The Sunday after Christmas, I was browsing the religion section at a Barnes & Noble in Oklahoma City. The “Christian Inspiration” shelves were a hodgepodge of darn near anything, going light years beyond what I think of as inspirational. Some good books, I found there, several I’d like to read (e.g. Scot McKnight’s Blue Parakeet). Some other books that I’ve read (e.g Tony Jones’ The New Christians). And then, of course, a spray of all sorts of books, from smarmy sentimentalist glop to apocalyptic rants (e.g. John Hagee) to the enlightened conspiracy theories of various Dan Brown knock-offs.
Then I ran across this book, with a cover that seemed to fit, entitled Dirty Word: The Vulgar, Offensive Languages of the Kingdom of God, by Jim Walker. I scanned the back cover. “He’s the pastor of Hot Metal Bridge,” I thought to myself with some excitement. I had heard of Hot Metal Bridge, a cutting-edge United Methodist ministry in Pittsburgh, PA. Then I looked at the publisher: Discipleship Resources. “Wow!” I thought. “How unusual it is to find a Discipleship Resources book in Barnes & Noble.”
(Just in case you don’t know, Discipleship Resources is the imprint of the United Methodist General Board of Discipleship. They publish all manner of books on various – you guessed it – topics related to practical Christian discipleship.)
And then I caught myself listening to myself: “How odd to find a Discipleship Resources book in a Barnes & Noble.” How odd. How sad.

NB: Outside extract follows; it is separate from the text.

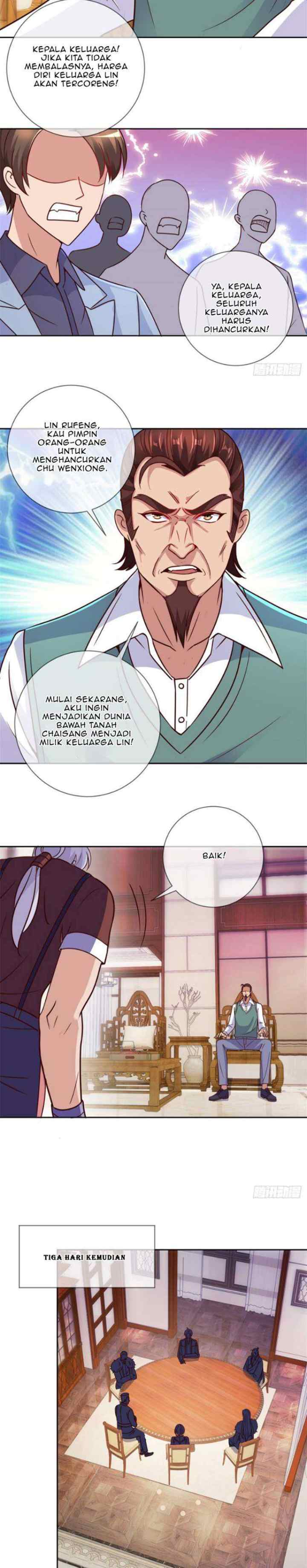 Rebirth of the Earth Immortal Venerable chapter 40 halaman 8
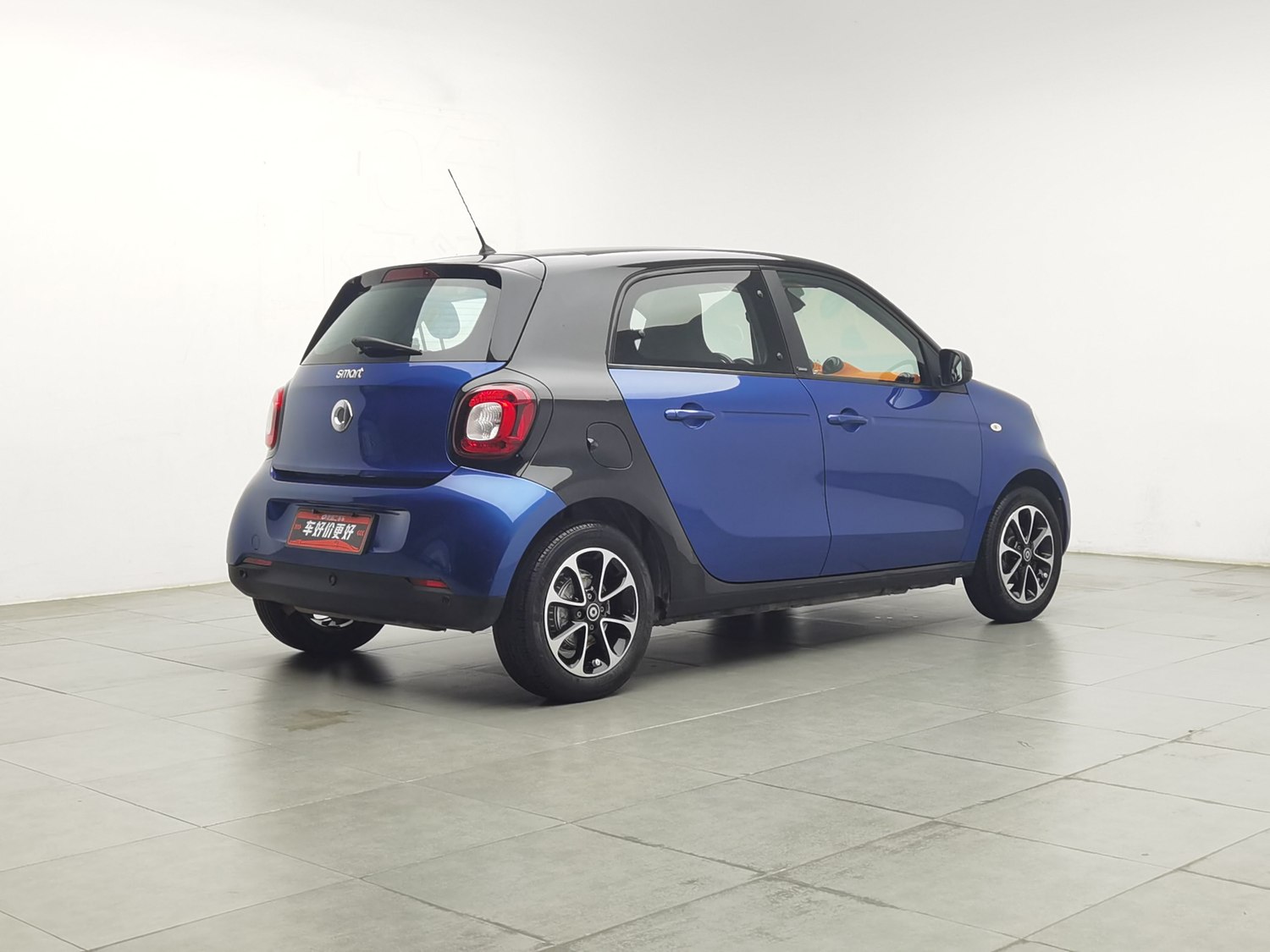 Used smart forfour 2016 1.0 AT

How do I say this? My little “moment” reminded me of just how out of it we United Methodists are when it comes to impact outside our denomination. I don’t know how many titles from Discipleship Resources that you have found at a Barnes & Noble. My very superficial quick-search turned up exactly zero additional ones. If anybody can show me otherwise, I’d be happy to have you change my mind.
Many United Methodists talk as if our legacy of influence (the 19th century up to the middle 20th century, mostly) were a reflection of the way we are now. But outside of United Methodists, who listens to United Methodists? Who is reading our authors? Our scholars? We have some outstanding scholars and some great church leaders who are also authors. But really, who is reading them outside the denomination? By comparison to other, national-level Christian authors, we are vastly under-represented.
We’d better wake up. We have to quit just talking to ourselves. I’m not at all worrying about denominational prominence or even survival. Frankly, I don’t care much about either. But we do have something very important to share – and to share it broadly. We have stuff to say that people need to hear. But we have to find a way to say it that connects.